A string with both ends held fixed is vibrating in its third harmonic. The waves have a speed of 192 m/s and a frequency of 240 Hz. The amplitude of the standing wave at an antinode is 0.400 cm. (a) Calculate the amplitude at points on the string a distance of (i) 40.0 cm; (ii) 20.0 cm; and (iii) 10.0 cm from the left end of the string. (b) At each point in part (a), how much time does it take the string to go from its largest upward displacement to its largest downward displacement? (c) Calculate the maximum transverse velocity and the maximum transverse acceleration of the string at each of the points in part (a).

Short Answer

Expert verified
Calculate amplitude and use given equations to find velocity and acceleration at specified points.

Step by step solution

01

Understand the Harmonic Pattern

Since the string is vibrating in its third harmonic, there are three antinodes and two nodes between the fixed ends of the string. This is important because the amplitude varies sinusoidally between nodes and antinodes.
02

Amplitude Calculation - General Equation

The amplitude at any point on the string can be found using the equation: \[ A(x) = A_0 \sin\left(\frac{n\pi x}{L}\right) \]where \(A_0\) is the amplitude at the antinode (0.400 cm), \(n\) is the harmonic number (3 for the third harmonic), \(x\) is the distance from the left end, and \(L\) is the length of the string.
03

Calculate Amplitude at Specific Points

(i) For \(x = 40.0\) cm:\[ A(40.0) = 0.400 \sin\left(\frac{3\pi \times 40.0}{\text{L}}\right) \](ii) For \(x = 20.0\) cm:\[ A(20.0) = 0.400 \sin\left(\frac{3\pi \times 20.0}{\text{L}}\right) \](iii) For \(x = 10.0\) cm:\[ A(10.0) = 0.400 \sin\left(\frac{3\pi \times 10.0}{\text{L}}\right) \]Without the length \(L\), we use the harmonic information to solve these equations.
04

Calculate Full Cycle Time

The time for the string to go from the largest upward displacement to the largest downward displacement is half the period of the wave.
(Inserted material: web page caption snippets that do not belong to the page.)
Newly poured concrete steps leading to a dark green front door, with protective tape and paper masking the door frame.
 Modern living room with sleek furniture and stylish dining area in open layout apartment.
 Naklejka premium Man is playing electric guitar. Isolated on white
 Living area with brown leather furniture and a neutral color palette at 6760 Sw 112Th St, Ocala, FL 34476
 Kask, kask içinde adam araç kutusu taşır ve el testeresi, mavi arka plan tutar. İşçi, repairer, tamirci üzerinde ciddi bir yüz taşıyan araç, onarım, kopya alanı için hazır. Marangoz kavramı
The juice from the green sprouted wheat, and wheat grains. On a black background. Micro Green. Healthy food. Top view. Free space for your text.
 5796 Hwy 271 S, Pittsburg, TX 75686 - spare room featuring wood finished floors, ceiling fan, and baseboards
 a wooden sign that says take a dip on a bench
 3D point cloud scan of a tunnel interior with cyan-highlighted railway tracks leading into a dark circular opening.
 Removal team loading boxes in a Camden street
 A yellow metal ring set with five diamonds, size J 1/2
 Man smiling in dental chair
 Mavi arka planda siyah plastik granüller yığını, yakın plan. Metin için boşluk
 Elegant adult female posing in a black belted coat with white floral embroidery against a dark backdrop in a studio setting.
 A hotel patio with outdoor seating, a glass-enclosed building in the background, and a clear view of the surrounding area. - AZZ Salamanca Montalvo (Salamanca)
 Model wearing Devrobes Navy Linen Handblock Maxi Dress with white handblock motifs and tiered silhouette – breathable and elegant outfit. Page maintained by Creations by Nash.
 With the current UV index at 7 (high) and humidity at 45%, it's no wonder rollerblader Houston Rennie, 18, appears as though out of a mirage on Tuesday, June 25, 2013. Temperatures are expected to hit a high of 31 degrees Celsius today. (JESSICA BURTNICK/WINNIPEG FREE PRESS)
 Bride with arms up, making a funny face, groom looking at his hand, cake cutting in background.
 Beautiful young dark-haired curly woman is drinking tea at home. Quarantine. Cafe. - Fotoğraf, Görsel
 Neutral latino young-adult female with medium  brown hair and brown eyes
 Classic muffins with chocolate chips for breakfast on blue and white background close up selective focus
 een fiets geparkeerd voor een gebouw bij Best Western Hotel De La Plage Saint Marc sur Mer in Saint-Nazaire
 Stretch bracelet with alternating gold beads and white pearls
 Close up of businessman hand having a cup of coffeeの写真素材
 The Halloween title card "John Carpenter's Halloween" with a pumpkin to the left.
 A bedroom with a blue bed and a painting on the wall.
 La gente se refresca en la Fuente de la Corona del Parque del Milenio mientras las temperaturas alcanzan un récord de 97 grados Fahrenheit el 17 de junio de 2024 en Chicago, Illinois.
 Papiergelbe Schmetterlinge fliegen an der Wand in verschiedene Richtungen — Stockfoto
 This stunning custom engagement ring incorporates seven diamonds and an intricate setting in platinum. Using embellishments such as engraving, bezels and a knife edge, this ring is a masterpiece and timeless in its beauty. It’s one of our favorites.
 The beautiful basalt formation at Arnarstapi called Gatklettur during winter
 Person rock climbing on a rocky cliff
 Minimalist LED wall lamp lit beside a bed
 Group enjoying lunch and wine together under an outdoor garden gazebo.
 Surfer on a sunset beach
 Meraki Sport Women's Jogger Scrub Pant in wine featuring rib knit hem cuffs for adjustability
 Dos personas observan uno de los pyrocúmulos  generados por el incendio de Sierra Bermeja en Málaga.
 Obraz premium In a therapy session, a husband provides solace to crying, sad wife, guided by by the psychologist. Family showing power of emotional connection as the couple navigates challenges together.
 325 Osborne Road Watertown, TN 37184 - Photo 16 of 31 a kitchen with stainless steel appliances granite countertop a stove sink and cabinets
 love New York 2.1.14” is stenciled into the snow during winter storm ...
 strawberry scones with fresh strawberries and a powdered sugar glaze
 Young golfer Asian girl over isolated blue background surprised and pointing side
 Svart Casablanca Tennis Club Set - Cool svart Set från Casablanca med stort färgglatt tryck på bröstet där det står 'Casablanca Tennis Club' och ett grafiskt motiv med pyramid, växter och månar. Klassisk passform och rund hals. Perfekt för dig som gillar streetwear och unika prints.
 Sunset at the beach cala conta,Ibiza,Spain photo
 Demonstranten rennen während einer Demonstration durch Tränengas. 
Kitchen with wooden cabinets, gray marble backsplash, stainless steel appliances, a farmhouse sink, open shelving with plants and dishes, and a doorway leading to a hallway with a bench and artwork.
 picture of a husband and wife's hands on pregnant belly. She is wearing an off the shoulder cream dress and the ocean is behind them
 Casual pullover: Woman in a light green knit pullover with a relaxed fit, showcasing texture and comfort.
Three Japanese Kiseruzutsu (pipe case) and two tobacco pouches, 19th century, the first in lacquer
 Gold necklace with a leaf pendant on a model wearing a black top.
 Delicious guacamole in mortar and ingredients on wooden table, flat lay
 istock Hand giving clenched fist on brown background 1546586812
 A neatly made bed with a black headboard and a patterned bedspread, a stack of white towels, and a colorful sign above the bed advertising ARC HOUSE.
The period \(T\) can be calculated by \( T = \frac{1}{f} \), where \(f\) is the frequency (240 Hz). \[ T = \frac{1}{240} \, \text{s} \]Half of this is the time sought: \( \frac{1}{2 \times 240} \, \text{s} \).
05

Calculate Maximum Transverse Velocity

The maximum transverse velocity \(v_{max}\) at any point can be calculated using:\[ v_{max} = 2\pi f A(x) \]Substitute \(A(x)\) for each of the calculated amplitudes from Step 3 to find the maximum velocity at each point.
06

Calculate Maximum Transverse Acceleration

The maximum transverse acceleration \(a_{max}\) can be found using:\[ a_{max} = \left(2\pi f\right)^2 A(x) \]Calculate this value using each \(A(x)\) from Step 3 for the points (i) 40.0 cm, (ii) 20.0 cm, and (iii) 10.0 cm.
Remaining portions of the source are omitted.